Continuiamo a preferire lo yen nell'ambito di posizioni long rispetto al dollaro. La correlazione dello yen con i differenziali dei tassi di interesse sostiene questa visione e funge anche da copertura difensiva nelle fasi di risk-off con un ribasso limitato. Privilegiamo anche la corona norvegese rispetto all'euro e alla sterlina. Il taglio a sorpresa dei tassi da parte della Norges Bank a giugno ha inizialmente indebolito eccessivamente la corona, ma la successiva resilienza economica suggerisce che, d'ora in avanti, la banca centrale procederà con cautela, sostenendo potenzialmente la valuta. Al contrario, siamo ribassisti sulla sterlina alla luce delle sfide fiscali ed economiche che il Regno Unito è chiamato ad affrontare. La sterlina rimane sensibile agli sviluppi politici interni e alle aspettative sui tassi di interesse.

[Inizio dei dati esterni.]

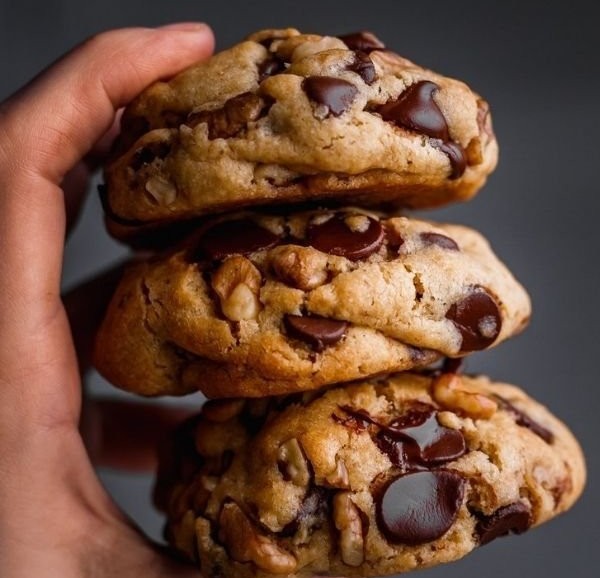 Best Giant Chocolate Chip Cookie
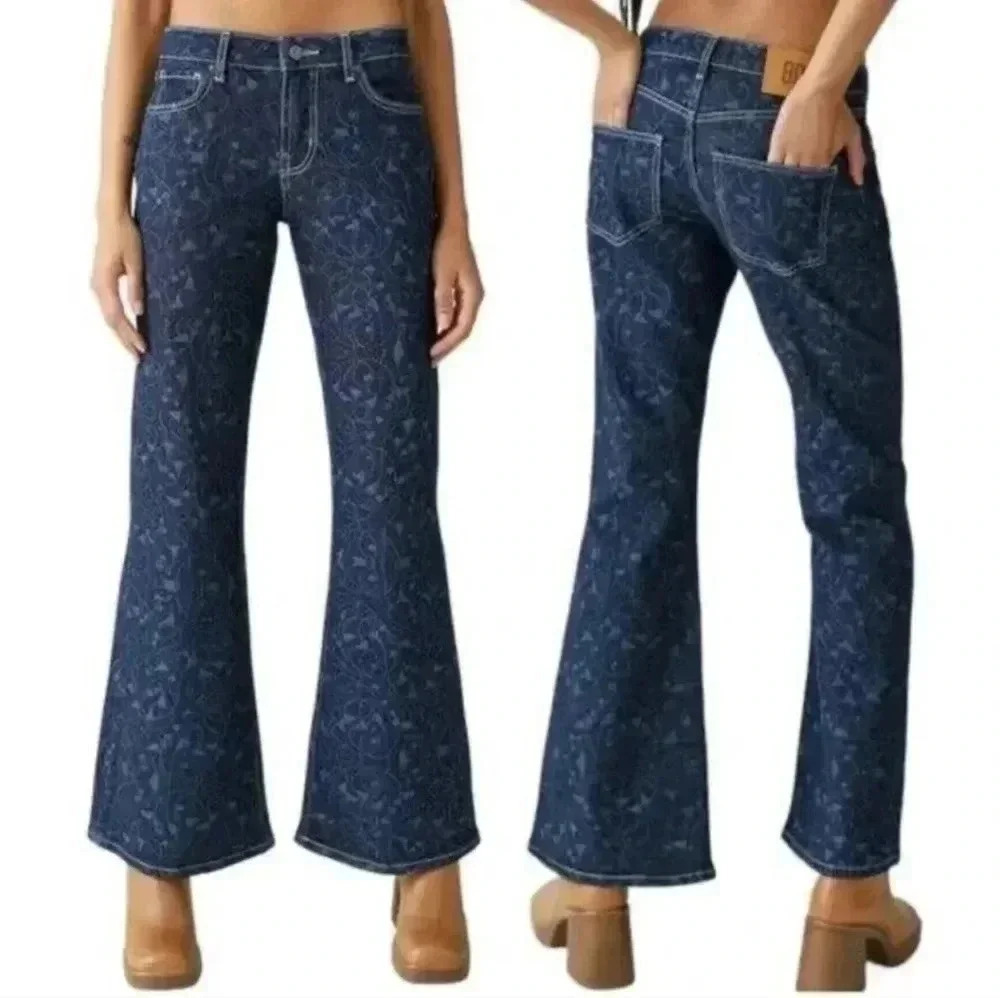 BDG Anthropologie Low-Rise Flare Vintage inspired Jeans(24)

Mercati del credito: investment grade, high yield e obbligazioni convertibili
La recente volatilità degli spread creditizi, legata in particolare all'incertezza politica in Francia, ha fatto emergere opportunità di acquisto selettive. Nell'investment grade in euro (EUR IG), abbiamo approfittato del leggero ampliamento degli spread, che ci ha indotto a rivedere al rialzo la nostra visione sulla asset class. I fondamentali restano favorevoli, con più upgrade che downgrade in tutta Europa e nessun evento creditizio di rilievo. L'offerta è stata abbondante, soprattutto ad agosto, trainata in parte dalle emissioni "Reverse Yankee", ovvero società statunitensi che attingono ai mercati obbligazionari in euro, ma è stata adeguatamente assorbita dai solidi afflussi.

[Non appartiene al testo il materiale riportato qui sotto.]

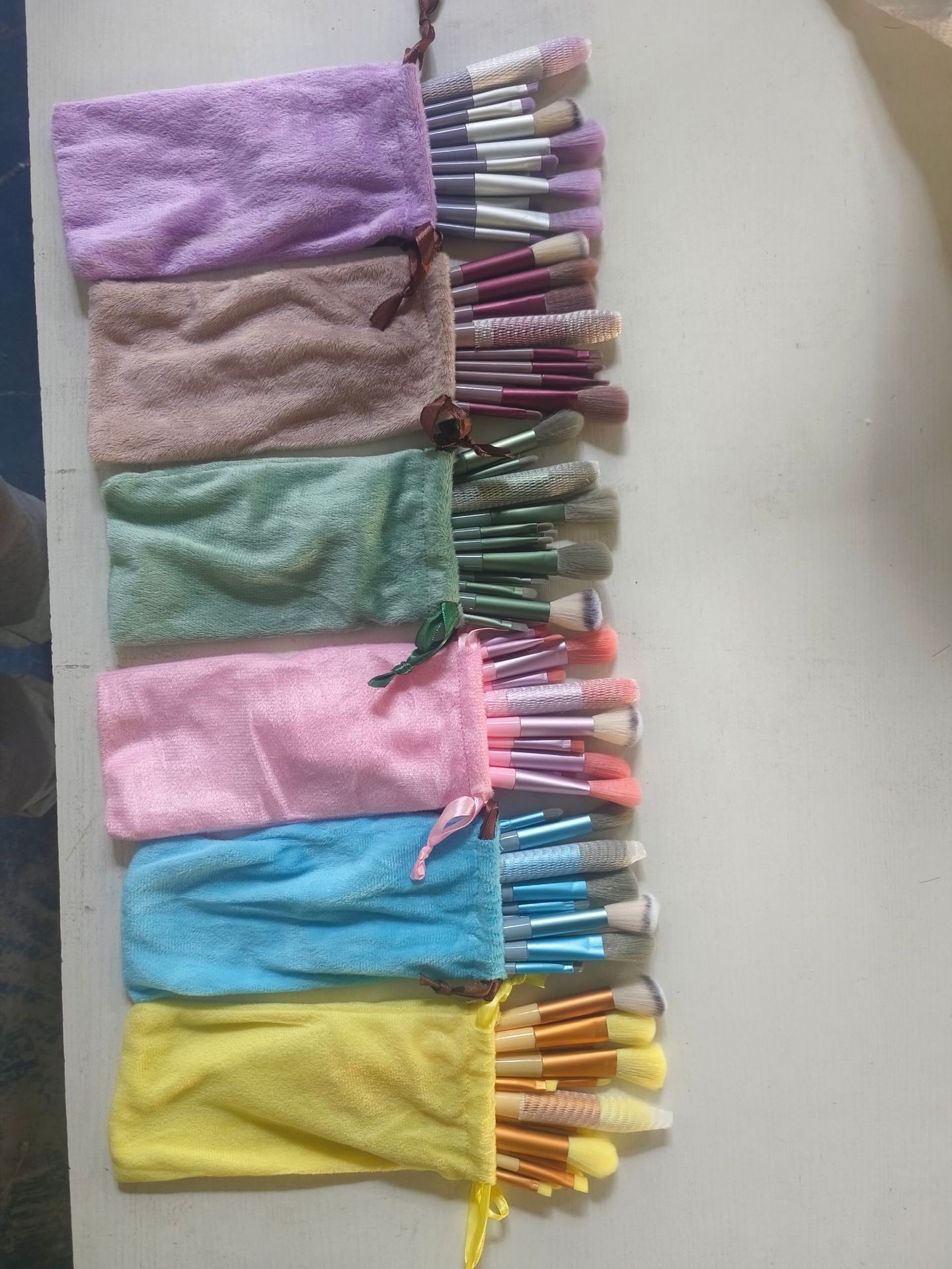 Cuatro Estaciones Verde 13 pinceles de maquillaje conjunto leche té color suministro directo de fábrica Matcha Verde 13 cepillos traje herramientas de belleza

Per contro, l'investment grade statunitense appare meno interessante. Le valutazioni sono elevate, con stime del fair value a lungo termine molto superiori agli spread attuali. Sebbene i fondamentali rimangano solidi, l'assenza di un significativo ampliamento degli spread limita le opportunità di rafforzare l'esposizione. I tagli fiscali potrebbero sostenere in una certa misura gli emittenti, ma l'IG in euro rimane la nostra scelta preferita grazie alle valutazioni più interessanti (alla luce di fondamentali migliori) e al sacrificio di carry che comporta coprire il credito in USD rispetto all'euro.

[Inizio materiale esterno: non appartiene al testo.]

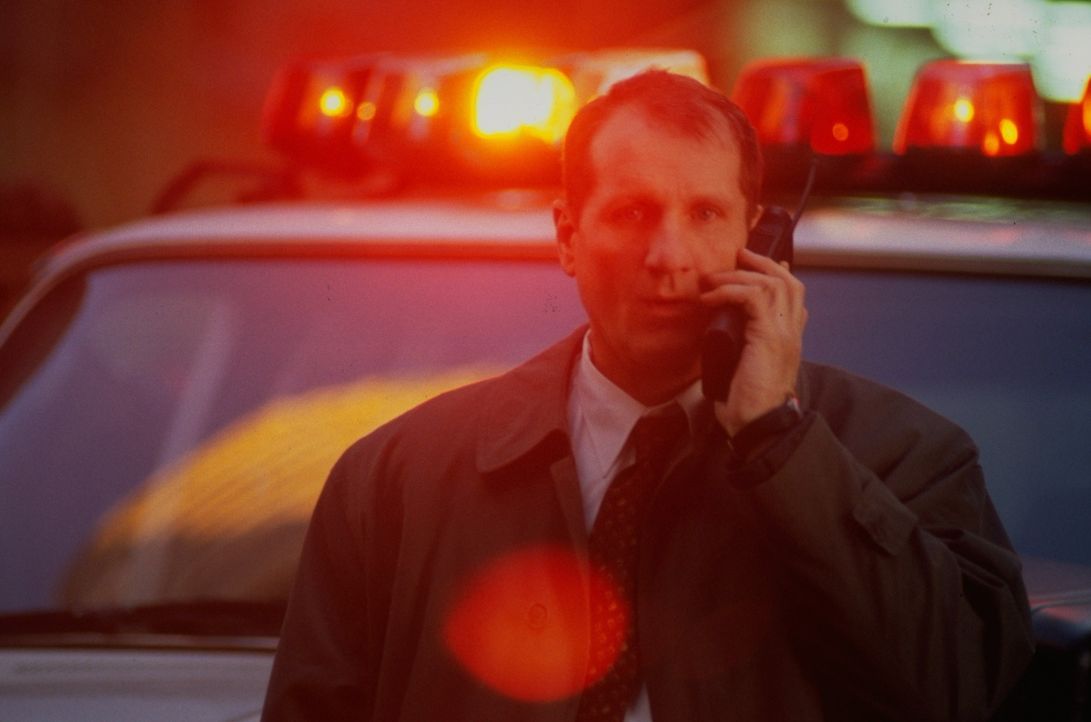 Detective Paulie Sellitto (Ed O'Neill) verfolgt gemeinsam mit seinen Kollegen des New Yorker Polizeipräsidiums einen Fall, der eigentlich schon zu d... - Bildquelle: Universal Studios International B. V.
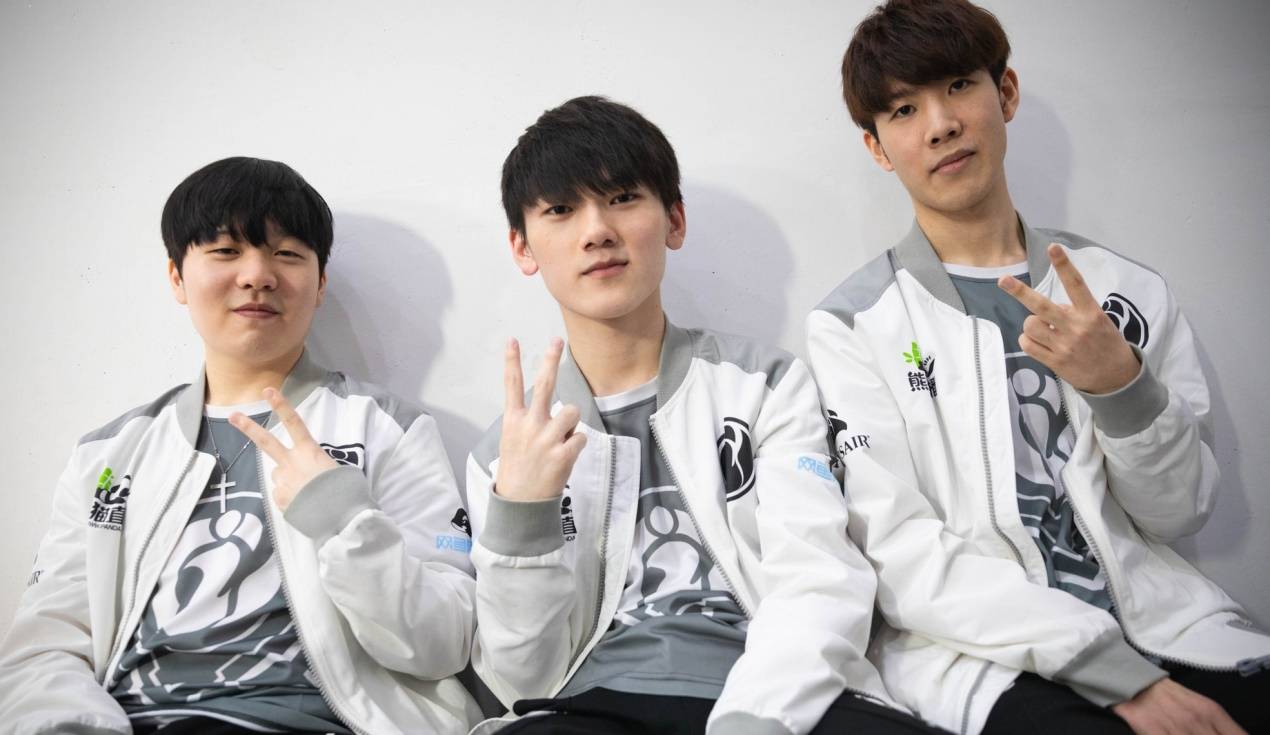 另一半则在 另一半则在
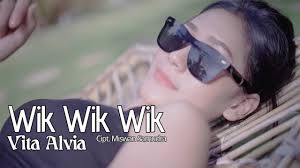 Semoga irish bersama keluarga selalu bahagia, ya! Vita Alvia Wik Wik Wik Official Music Video Youtube
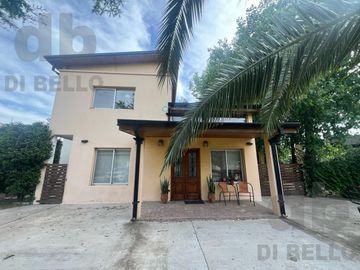 Casa en venta en Barrio Estancia Smithfield, sobre lote central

Nell'high yield il nostro approccio rispecchia quello dell'IG. Abbiamo rivisto al rialzo l'HY in euro a neutrale e innalzato anche l'HY statunitense, mantenendo però una visione leggermente negativa su quest'ultimo. La svolta accomodante della Fed, anche nei settori più colpiti dai dazi come il retail e l'automobilistico, avvalora una posizione più costruttiva. Tuttavia, riscontriamo anche segnali di un comportamento meno favorevole al credito, tra cui l'aumento delle attività di M&A, eccessivi dividendi e un deterioramento dei rating. La selettività è fondamentale, con una preferenza per gli emittenti che presentano solidi fondamentali.
Abbiamo anche rialzato a neutrale il mercato delle obbligazioni convertibili in euro e cercheremo di acquistare in caso di ribassi imputabili alla debolezza del mercato azionario. Le obbligazioni convertibili hanno sovraperformato le azioni da inizio anno, sostenute dalla forte performance dei titoli sottostanti e da afflussi costanti, in particolare nelle emissioni denominate in euro. Le valutazioni mostrano opportunità nelle obbligazioni convertibili con profili delta contenuti, ovvero gli strumenti con una bassa sensibilità azionaria e scambiati più vicini al "bond floor".